Netdev Archive on lore.kernel.org
 help / color / Atom feed
From: Neil Horman <nhorman@tuxdriver.com>
To: Ido Schimmel <idosch@idosch.org>
Cc: David Miller <davem@davemloft.net>,
	netdev@vger.kernel.org, jiri@mellanox.com, mlxsw@mellanox.com,
	dsahern@gmail.com, roopa@cumulusnetworks.com,
	nikolay@cumulusnetworks.com, andy@greyhouse.net,
	pablo@netfilter.org, jakub.kicinski@netronome.com,
	pieter.jansenvanvuuren@netronome.com, andrew@lunn.ch,
	f.fainelli@gmail.com, vivien.didelot@gmail.com,
	idosch@mellanox.com
Subject: Re: [PATCH net-next 00/11] Add drop monitor for offloaded data paths
Date: Sun, 14 Jul 2019 07:29:04 -0400
Message-ID: <20190714112904.GA5082@hmswarspite.think-freely.org> (raw)
In-Reply-To: <20190712135230.GA13108@splinter>

On Fri, Jul 12, 2019 at 04:52:30PM +0300, Ido Schimmel wrote:
> On Thu, Jul 11, 2019 at 07:53:54PM -0400, Neil Horman wrote:
> > A few things here:
> > IIRC we don't announce individual hardware drops, drivers record them in
> > internal structures, and they are retrieved on demand via ethtool calls, so you
> > will either need to include some polling (probably not a very performant idea),
> > or some sort of flagging mechanism to indicate that on the next message sent to
> > user space you should go retrieve hw stats from a given interface.  I certainly
> > wouldn't mind seeing this happen, but its more work than just adding a new
> > netlink message.
> 
> Neil,
> 
> The idea of this series is to pass the dropped packets themselves to
> user space along with metadata, such as the drop reason and the ingress
> port. In the future more metadata could be added thanks to the
> extensible nature of netlink.
> 
I had experimented with this idea previously.  Specifically I had investigated
the possibility of creating a dummy net_device that received only dropped
packets so that utilities like tcpdump could monitor the interface for said
packets along with the metadata that described where they dropped.

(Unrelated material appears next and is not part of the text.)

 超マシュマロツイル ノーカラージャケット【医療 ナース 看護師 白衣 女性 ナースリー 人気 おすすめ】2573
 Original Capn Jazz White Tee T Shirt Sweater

The concern I had was, as Dave mentioned, that you would wind up with either a
head of line blocking issue, or simply lots of lost "dropped" packets due to
queue overflow on receive, which kind of defeated the purpose of drop monitor.

That said, I like the idea, and if we can find a way around the fact that we
could potentially receive way more dropped packets than we could bounce back to
userspace, it would be a major improvement.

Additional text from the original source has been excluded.